Tristan Labaume, président de l’Alliance Green IT

Tristan Labaume

L’Agit est une association de professionnels du numérique fondée en 2011, avec pour objectif de diffuser les bonnes pratiques et de clarifier la communication autour de l’informatique et en évitant le « greenwashing ». Elle regroupe une quarantaine d’entreprises de toutes tailles et de tous horizons, pour promouvoir les bonnes pratiques sur l’ensemble des domaines de l’IT : datacenters, infrastructures, impressions, postes de travail, gouvernance, fin de vie, applications et entreprises utilisatrices.

Quelles sont les missions de l’AGIT et son rôle auprès des acteurs de l’IT ?

T.L. – La démarche que nous menons est progressive : elle s’inscrit dans le temps et se base sur l’amélioration continue. Notre objectif n’est pas de comparer entre eux les acteurs de l’IT, il n’y a donc pas de meilleur et de moins bon. Chaque société a son mode de fonctionnement et l’objectif est de savoir où elle en est, de façon à pouvoir définir des indicateurs susceptibles de la faire progresser. Cette démarche est multi-domaines : ce n’est pas en maîtrisant l’un des domaines qu’une société peut être qualifiée de « green ». Prenons l’exemple d’un acteur disposant d’un datacenter écoefficace, mais dont le reste de l’activité n’a pas fait l’objet de démarches environnementales. Dans ce cas, nous ne considérons pas que cet acteur est « green ». Il faut également prendre en compte les étapes amont, qu’il s’agisse de la fabrication du matériel ou de son achat : l’objectif est d’optimiser sa durée de vie pour éviter de refabriquer du matériel neuf et de générer des DEEE. Ces informations concernent les fabricants de matériel, qui communiqueront sur leurs produits via l’affichage environnemental, les éditeurs de logiciels qui doivent s’assurer de la compatibilité des systèmes d’exploitation et de la conception des logiciels, mais aussi les utilisateurs, demandeurs de services, de disponibilité et de consommations et de l’écoconception des services numériques. La volonté de l’ensemble des acteurs ne suffit pas, il faut aussi une volonté réglementaire, via des obligations et une fiscalité incitative ou punitive.

Le numérique consommerait plus de 10 % de l’électricité mondiale. Jusqu’où peut-on aller ?

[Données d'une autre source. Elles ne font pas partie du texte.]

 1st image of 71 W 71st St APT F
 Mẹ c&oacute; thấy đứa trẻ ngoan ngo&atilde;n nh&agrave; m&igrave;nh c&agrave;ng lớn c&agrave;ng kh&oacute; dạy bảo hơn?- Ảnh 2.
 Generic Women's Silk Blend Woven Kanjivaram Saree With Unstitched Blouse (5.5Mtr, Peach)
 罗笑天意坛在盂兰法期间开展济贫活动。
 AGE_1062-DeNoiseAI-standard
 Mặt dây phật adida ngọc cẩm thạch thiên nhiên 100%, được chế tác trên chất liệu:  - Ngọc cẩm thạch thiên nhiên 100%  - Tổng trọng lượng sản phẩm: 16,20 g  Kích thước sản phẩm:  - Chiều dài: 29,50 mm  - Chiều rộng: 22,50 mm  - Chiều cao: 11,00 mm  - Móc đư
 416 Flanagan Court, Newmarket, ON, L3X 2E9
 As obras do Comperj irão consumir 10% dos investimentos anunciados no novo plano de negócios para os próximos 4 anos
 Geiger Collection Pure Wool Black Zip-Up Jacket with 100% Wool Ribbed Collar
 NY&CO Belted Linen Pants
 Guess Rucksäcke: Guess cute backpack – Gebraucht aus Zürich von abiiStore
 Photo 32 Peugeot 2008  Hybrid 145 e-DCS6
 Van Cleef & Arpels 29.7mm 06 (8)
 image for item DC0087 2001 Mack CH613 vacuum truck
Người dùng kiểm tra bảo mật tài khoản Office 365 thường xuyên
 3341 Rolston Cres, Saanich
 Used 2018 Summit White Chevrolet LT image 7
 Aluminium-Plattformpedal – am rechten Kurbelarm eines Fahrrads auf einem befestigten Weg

T.L. – En France, l’informatique représente même plus de 13 % de la facture d’électricité, et la croissance dans ce domaine est exponentielle. D’autant plus que l’efficience des produits et des infrastructures se voit compensée par la multiplication du nombre d’équipements. Sur le papier, la consommation électrique due au numérique pourrait atteindre des sommets. Mais cette croissance sera rapidement limitée par l’épuisement des ressources nécessaires à la fabrication de composants électroniques : il faut par exemple entre 10 et 20 composants pour fabriquer un téléphone, et les minerais nécessaires à leur fabrication pourraient être épuisés d’ici 2 à 30 ans. Les prix des produits sont donc amenés à augmenter considérablement. La non-réparation des équipements due au low-cost est également un gros problème, car elle pousse à racheter systématiquement de nouveaux produits. En France en 2015, il a été mis sur le marché l’équivalent de 166 fois le poids de la tour Eiffel en produits électroniques, ce qui est considérable.

À part quelques grands sites (Google, Amazon…), l’utilisation d’énergies renouvelables dans les datacenters se développe-t-elle vraiment ?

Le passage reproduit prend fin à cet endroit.